Millar is very fond of using rape as a plot device in his work, including Wanted, The Authority, Nemesis and Kick-Ass 2 (more on that later). He’s faced criticism for its inclusion, and when The New Republic asked him about that he responded:
“The ultimate [act] that would be the taboo, to show how bad some villain is, was to have somebody being raped, you know. I don't really think it matters. It's the same as, like, a decapitation. It's just a horrible act to show that somebody's a bad guy.”
Millar has been a controversial figure in comics for years, thanks to books that are wildly violent—even for their genre—and are often considered boundary-pushing for the level of menace within them. For instance, in Nemesis, a book that basically imagines what would happen if a billionaire opted to become a villain instead of, say, Batman, his baddie kidnaps a cop’s son and daughter, impregnates the latter with the former’s sperm and then “rigs” her womb to blow if an abortion was attempted. Millar claims his outlandish violence is meant satirically, but whether that message gets across is a matter of debate on its own. Still, his comments on rape open a whole other can of worms.
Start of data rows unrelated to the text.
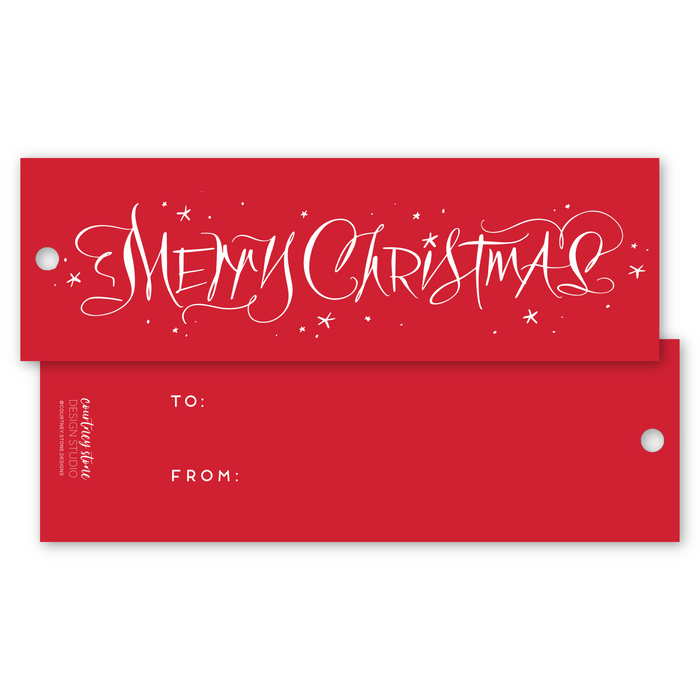 Merry Christmas Tags - Non-Personalized - Red
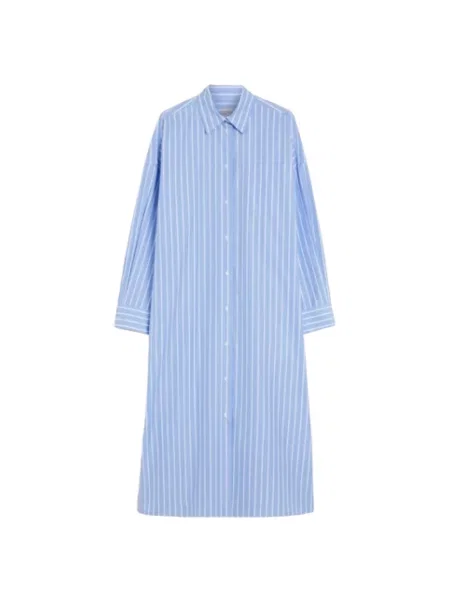 Długa sukienka koszulowa Weekend Max Mara garniturowa niebieska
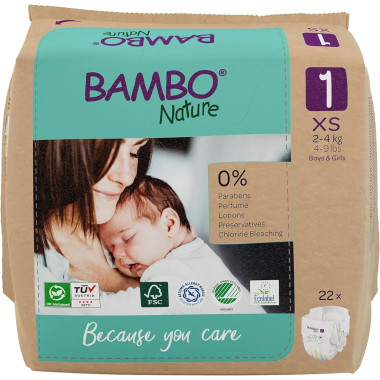 Pañales BAMBO NATURE Talla 1 (22uds)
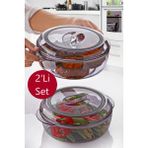 Alin Kitchen Akrilik Yuvarlak Saklama Kabı - Yemek Saklama Kabı, Slikon Contalı, Sızdırmaz, 2'li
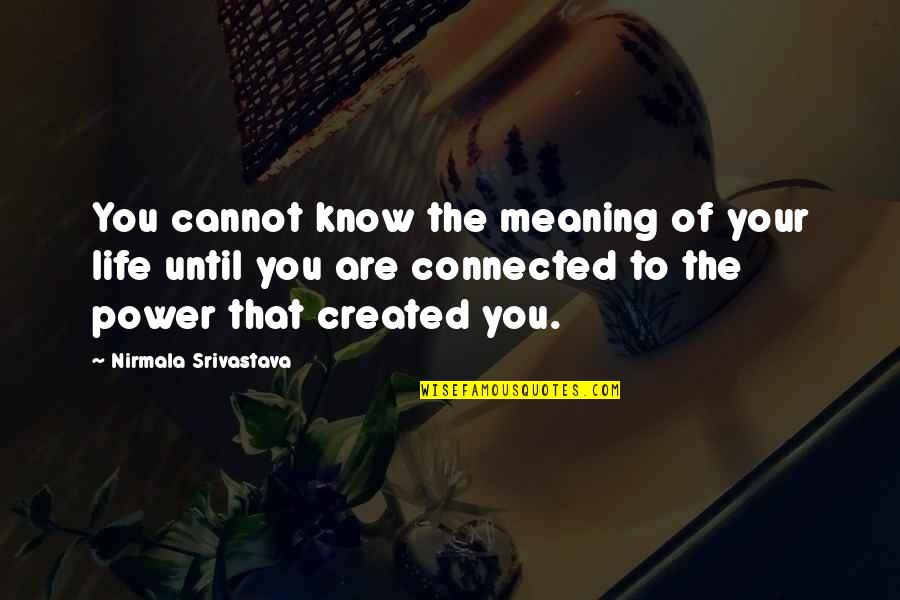 Meaning Of The Life Quotes By Nirmala Srivastava: You cannot know the meaning of your life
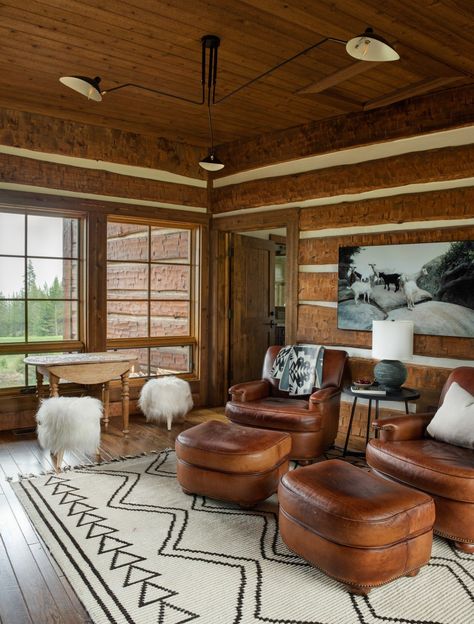 From Dark and Dated to Light, Bright and Modern in Montana - Mountain Living Cabin Contemporary, Rustic Modern Cabin, Airbnb Cabin, Nordic Cabin, Desert Cowboy, Modern Cabin Interior, Rustic Chalet, Tahoe House, Mountain Home Interiors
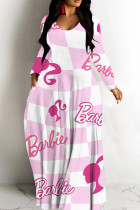 Powder White Casual Print Basic V Neck Long Dresses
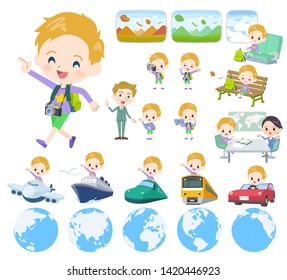 A set of boy Caucasian on travel.There are also vehicles such as boats and airplanes.It's vector art so it's easy to edit.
First off, as the recent firestorm over rape jokes revealed, rape as a subject matter is far from taboo. Its inclusion in popular culture is so expected that the very suggestion an artist (be they stand-up comic or comic book writer) should be mindful about how they address it brought a relentless shit storm down on feminist blogger Lindy West.
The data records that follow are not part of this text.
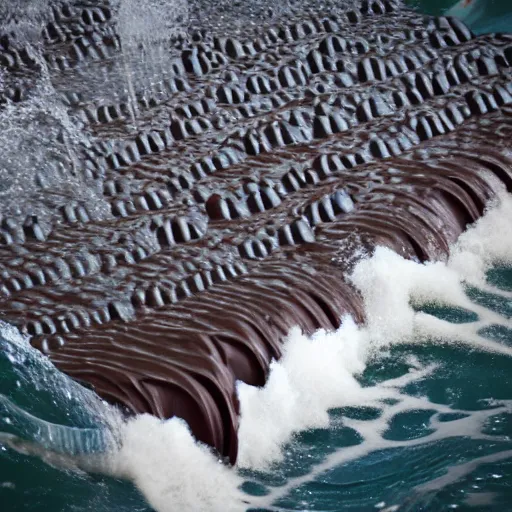 Image similar to tsunami of liquid chocolate on new york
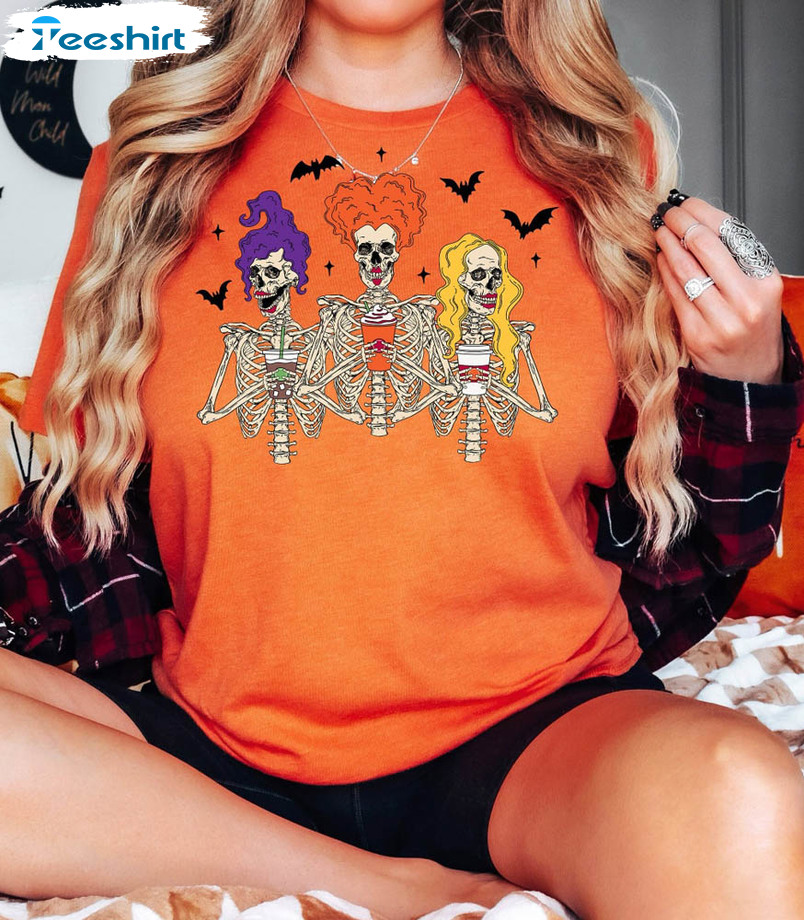 Witch Skeletons Shirt , Halloween Trick Or Treat Short Sleeve Long Sleeve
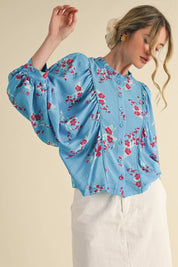 Blue Floral Dolman Sleeve Blouse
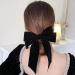 Kioiner 2 Pcs Large Bow Hair Clips Black Red Velvet Bows Barrettes French Bowknot Hair Clips Metal Hair Clips with Long Tail for Girls Women Ladies - Buy Online on SooperMarket.com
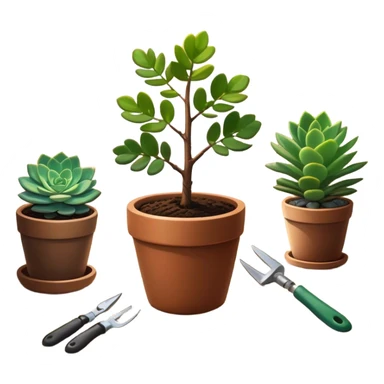 Close-up of a potted sapling in rich soil surrounded by vibrant plants and succulents. Bright sunlight filters through the window, casting soft shadows. Nearby gardening tools rest on a wooden table. Cozy indoor atmosphere with greenery and flowers. sticker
Secondly, rape and decapitation are not the same. Both are horrible acts of violence, sure. But the latter is not one that causes people to ask, “Well, what was she wearing when she got decapitated?” There’s no victim blaming inherent in decapitation, but more to the point decapitation is not a thing that people fear in their day-to-day life the way that many women fear rape. Comparing the two so blithely just reveals how out of touch Millar is with female comic book readers, who yes, do exist.
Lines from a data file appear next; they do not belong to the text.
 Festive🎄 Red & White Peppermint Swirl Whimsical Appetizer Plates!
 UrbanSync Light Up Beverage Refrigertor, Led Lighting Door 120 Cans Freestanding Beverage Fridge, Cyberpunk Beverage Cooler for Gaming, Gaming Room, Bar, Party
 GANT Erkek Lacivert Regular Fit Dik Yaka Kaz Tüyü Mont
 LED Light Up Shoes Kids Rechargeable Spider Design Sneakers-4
To tackle Millar’s assertion that the difference between rape and decapitation doesn't really matter, I’ll refer to Comics Alliance’s John Hughes, “In a culture in which rape is undeniably endemic, Millar’s steadfast refusal to consider the potential ramifications of his work remains astounding, infuriating, irresponsible, and sad. In the United States, where the majority of Millar’s comics are published and sold, one in six women has experienced an attempted or completed rape, only 16% of rapes and sexual assaults are reported to the police, and only about 5% of rapists will ever spend a day in jail.” While I couldn't find hard statistics about beheadings in the US, I think it's safe to say fewer than one in six people have been decapitated.